# N scale modular layout questions



## jargonlet (Dec 21, 2011)

I would like to build a new layout, something bigger than my 3’x5’ N scale but currently do not have the room for a large layout. However I could probably store a modular and set it up to run every so often. I really like the Pennsylvania Railroad and it would be awesome to have a four track mainline like the Pennsy did but that would take a lot of room. So I have been scheming on a modular build.

With that being said, I have been throwing around some ideas for the past few weeks and wanted to get some opinions on them. I was thinking about making a modular layout in 2’x4’ or 3’x4’ sections. All of the N scale modular layouts I have seen have used Kato track. Not that there’s anything wrong with Kato track, I prefer code 55. I have seen some of the HO layouts use standard track. Can an N scale modular layout be done with code 55 or is that why they use the Unitrack? 

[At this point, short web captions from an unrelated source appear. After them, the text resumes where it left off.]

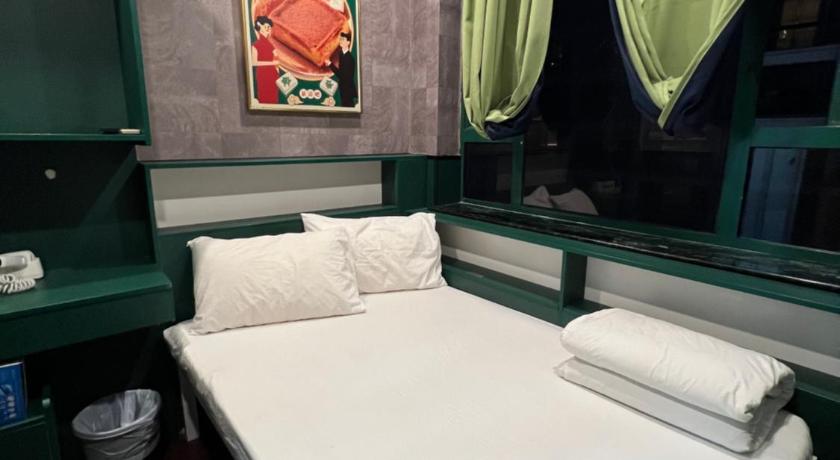 Image of Double Room with Private Bathroom 4
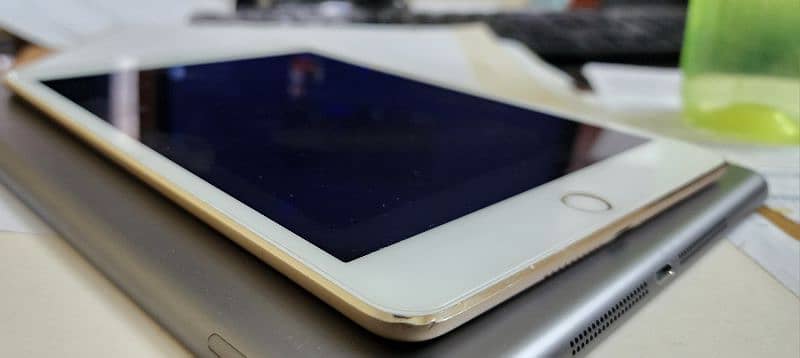 Apple iPad Mini 4 1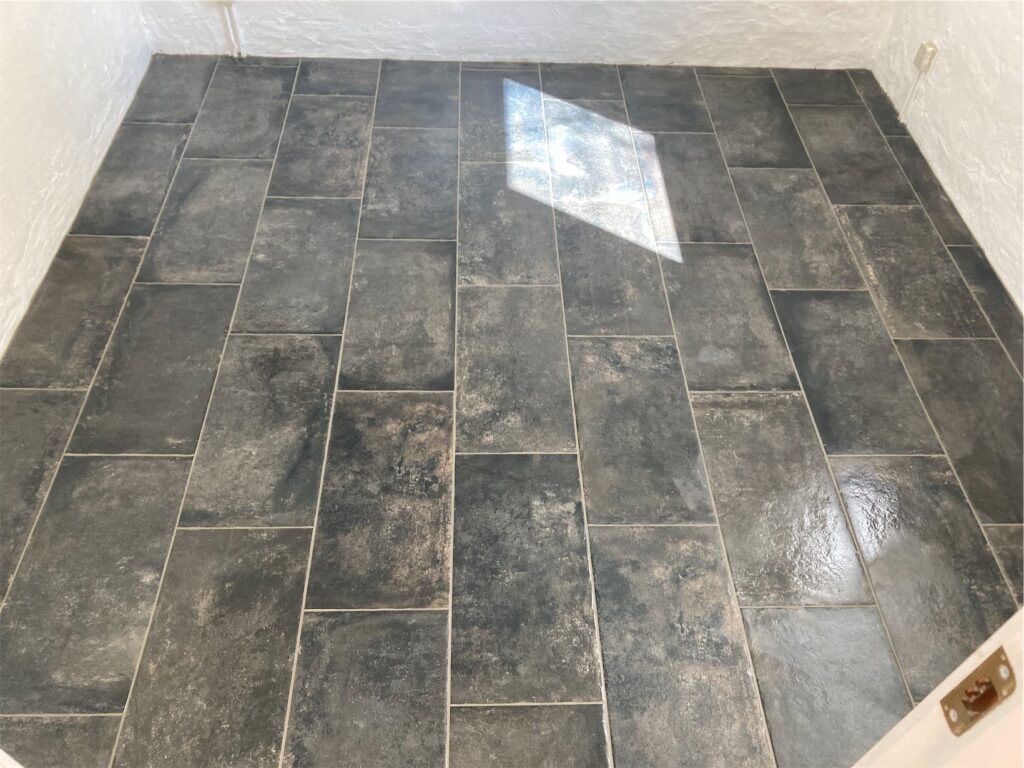 Grå flisebelagt gulv i lyst rum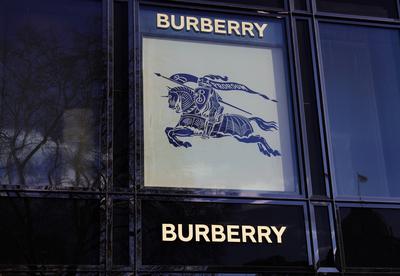 26.02.2023, Deutschland, NRW, Fashion, Bekleidung, Kosmetik, Accessoires, Mode, Luxus, BURBERRY Store, Shop, Filiale, Au-stock-photo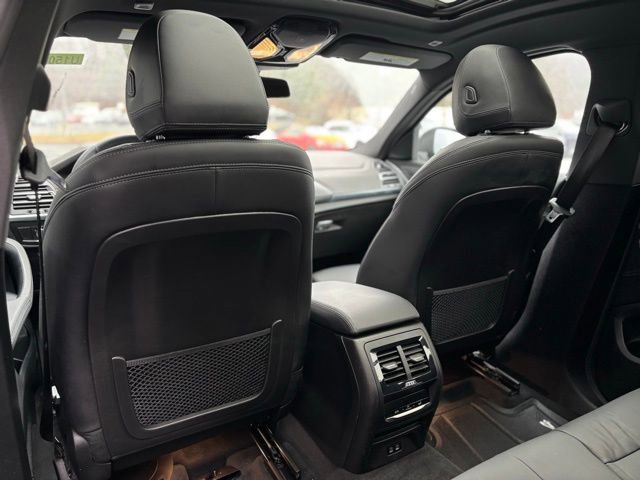 Used 2024 BMW X4 xDrive30i w/ Premium Package AWD/4WD image 25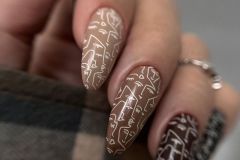 Анімалістичний дизайн нігтів у шоколадних кольорах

I was thinking about making the modules 2’x4’ or 3’x4’ sections and doing one of two designs: Option A.) Having what looks to be a four track mainline but in reality it’s just two loops side by side. Option B.) Having four mainlines and have them make a large loop around the layout with the back of the loop hidden by a backdrop or possibly a scene on the backside.


----------



## michelle (May 12, 2013)

I am also doing modules, but for philly area mostly. I use 2'x4' modules but only got three main lines. I use Peco code 80 track but don't see why 55 would not work. I am still working on my first so have nothing to connect yet. I wanted more scenery then track on mine but I could have fit the 4th main line if I cut out some of the scenery. Take a look at mine for ideas and stuff.


----------



## dave1905 (Jul 7, 2013)

Modular layouts tend to be built to common standards. The most common is N trak. Look at their website to find the standards for their modules and then build to their standards and you will have a module that can fit in hundreds of other modular displays.


----------



## jargonlet (Dec 21, 2011)

I have looked at N trak and T trak. I will probably use some parts of those such as the bench work. However I would like to model or attempt to model the Pennsylvania RR in the area where they had a four track mainline. I want the modules to be either four track mainline or a two track loop that gives the illusion that there are four mainlines.


----------